Manant Vaidya and his wife Hiral tell CTV News Toronto that his parents, sister, brother-in-law, and two young nieces were on holiday when they were killed in yesterday’s crash.

The family planned the trip Kenya to coincide with the young girl’s March break. Vaidya said his sister was born in Kenya and wanted to show her daughters where she spent the first few years of her life.

His sister had asked their parents to join them on the vacation. The family was looking forward to a safari trip while visiting the country.

The victims include Pannagesh Vaidya, 73, his wife Hansini Vaidya, 67, their daughter Kosha Vaidya, 37, her husband Prerit Dixit, 45, and their two children, 14-year-old Ashka and 13-year-old Anushka.

Vaidya said he spoke to both the Canadian Consulate and the Indian Embassy in Ethiopia, who confirmed their tragic deaths.

“It has been almost 35 years since my sister went to Kenya. She wanted to show her daughters where she was born, where she got delivered in the hospital, and a safari was something they wanted to do… to enjoy the animals. So, with March break, this time was perfect,” he said, pausing to wipe away tears.

“They asked my parents if they would like to come as well. Unfortunately, my parents agreed, so… So everybody in my family… They were killed.”

Vaidya sponsored his parents to come to Canada from India back in 2006. They became permanent residents of Canada in 2012 – something Vaidya said improved and enriched all of their lives.

“They were all alone in India,” he said.

“It’s very lonely now, it’s hard,” Hiral Vaidya added. “My kids had huge support from my in-laws. They were taken care of by my mother-in-law. It’s a huge loss for us. We don’t know what’s next. It’s hard to recover from this.”

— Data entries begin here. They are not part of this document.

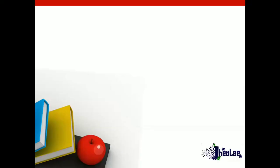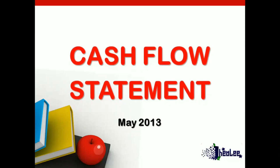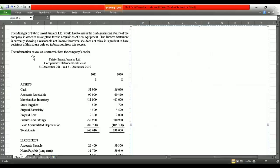Today, we're going to look at the CAPE Accounting Unit 1, May 2013 Cash Flow Statement. The manager of Fabric Smart Jamaica Limited would like to assess the cash-generating ability of the company in order to make plans for the acquisition of new equipment. The income statement is currently showing a reasonable net income. However, she does not think it is prudent to base a decision of this nature only on information from this source. The information below was extracted from the company's books.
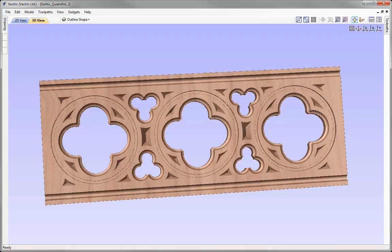In this example, we're going to take the vector file that we created in a previous drawing session and look at creating the toolpaths for the Gothic Quattrofoil panel. We'll be showing you how to use fairly basic toolpaths — the Profile toolpath, Pocket toolpath, and the V-carving toolpath — to create this rather complex looking cutout.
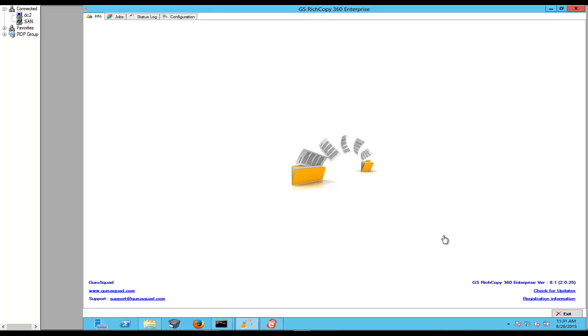But in addition we've selected a small sample of files, mainly small files because that's what a lot of customers ask. How do we handle against Robocopy using small files?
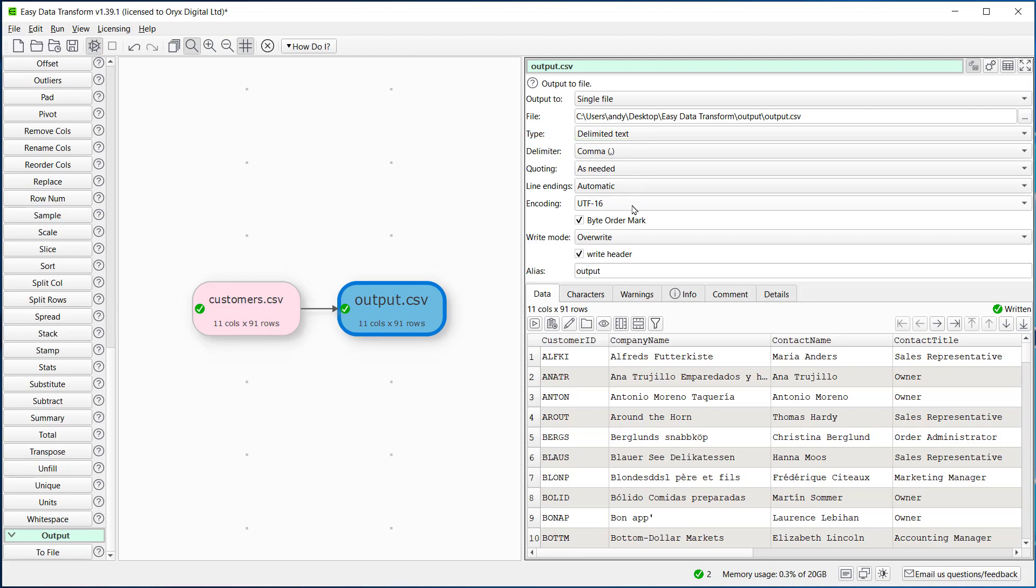We generally recommend that you don't overwrite the input file. Instead, use a different file name or a different folder, and then you still have your original input file.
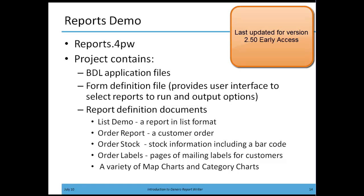In this final video for the introduction to Genero Report Writer, we're going to look at what's called the reports demo, the demonstration project that comes with your installation of Genero Studio.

Prerit Dixit worked for LifeLabs and the Ontario government and his wife, Kosha Vaidya, worked in human resources for the Canadian Hearing Society.

Vaidya said his young nieces were practically best friends with his own two daughters. Both girls were smart and talented in many hobbies, he said. Anuksha in particular was enrolled in extra studies in computer science and technology with a focus on robotics.

“The two kids, they were brilliant in academics,” he said.

“Ashka was really good at singing, as well,” Hiral Vaidya said. “Anushka was really good at catgut, which is a dance from India.”

Ashka attended Chinguacousy Secondary School and Anushka was at Centennial Sr. Public School, both in Brampton.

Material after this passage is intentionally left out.